Strength in numbers and experienced individuals are both vital in mongoose warfare, new research shows.
Banded mongooses are one of a handful of mammals that engage in lethal intergroup battles, giving insight into the evolution of warfare.
The new study – by the University of Exeter and the University of California, Santa Barbara (UCSB) – examined what factors usually give one side the advantage.
The number of adult males in a group and the age of the oldest male emerged as the key properties.
But the benefit of having an older male declines if he’s too old (about 11 years onwards) – when males become a “liability rather than an asset” and can be evicted from the group.
“These group contests are much more complex than fights between individual animals,” said Dr Patrick Green, of the Department of Ecology, Evolution, and Marine Biology at UCSB and the Centre for Ecology and Conservation on Exeter’s Penryn Campus in Cornwall.
“Our findings connect to what we see in human societies, where historically strength in numbers has been key in warfare.
“There are also lots of anecdotes and studies about experienced warriors in human societies that galvanise a group during fights.”
Given the importance of mongoose fights for establishing territory and access to food, the findings have implications for group decisions.
“For example, males are important to winning fights, and we know that (compared to females) males get more care when they’re young, are less often evicted and live longer,” said Professor Michael Cant, also from the University of Exeter.
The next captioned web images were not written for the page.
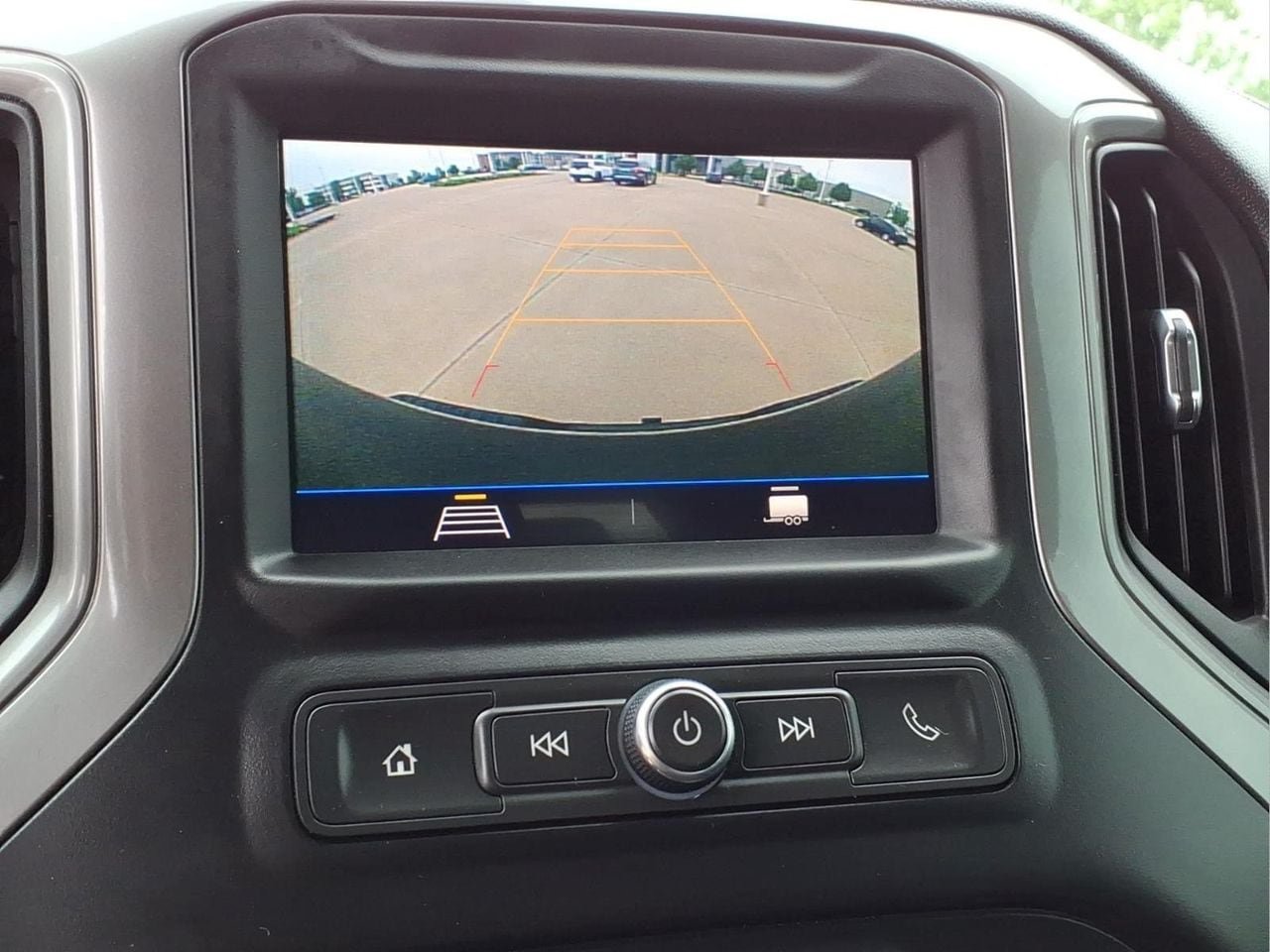 Used 2020 Chevrolet Silverado 1500 Custom Trail Boss w/ LPO, Dark Essentials Package AWD/4WD image 19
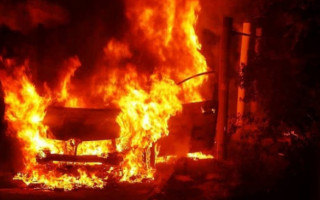 В Киеве сожгли автомобиль, видео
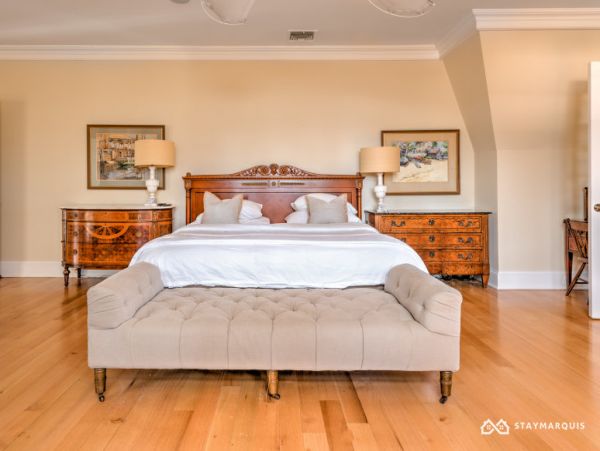 Hamptons Home 1020421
“So, the group may make decisions about who to invest effort in based on the importance of those members to fights.”
The mongooses in the study live on the Mweya peninsula in Uganda, where a team of researchers has been studying them for 25 years.
Previous research led by the University of Exeter has shown that banded mongooses fight over sex and territory, and that females lead their groups into fights, then try to mate with enemy males in the chaos of battle.
The Natural Environment Research Council provided funding for the study. Dr Green was funded by the Human Frontier Science Program, and the research was made possible by permission and support from the Uganda Wildlife Authority, the Uganda National Council for Science and Technology and the wardens of Queen Elizabeth National Park.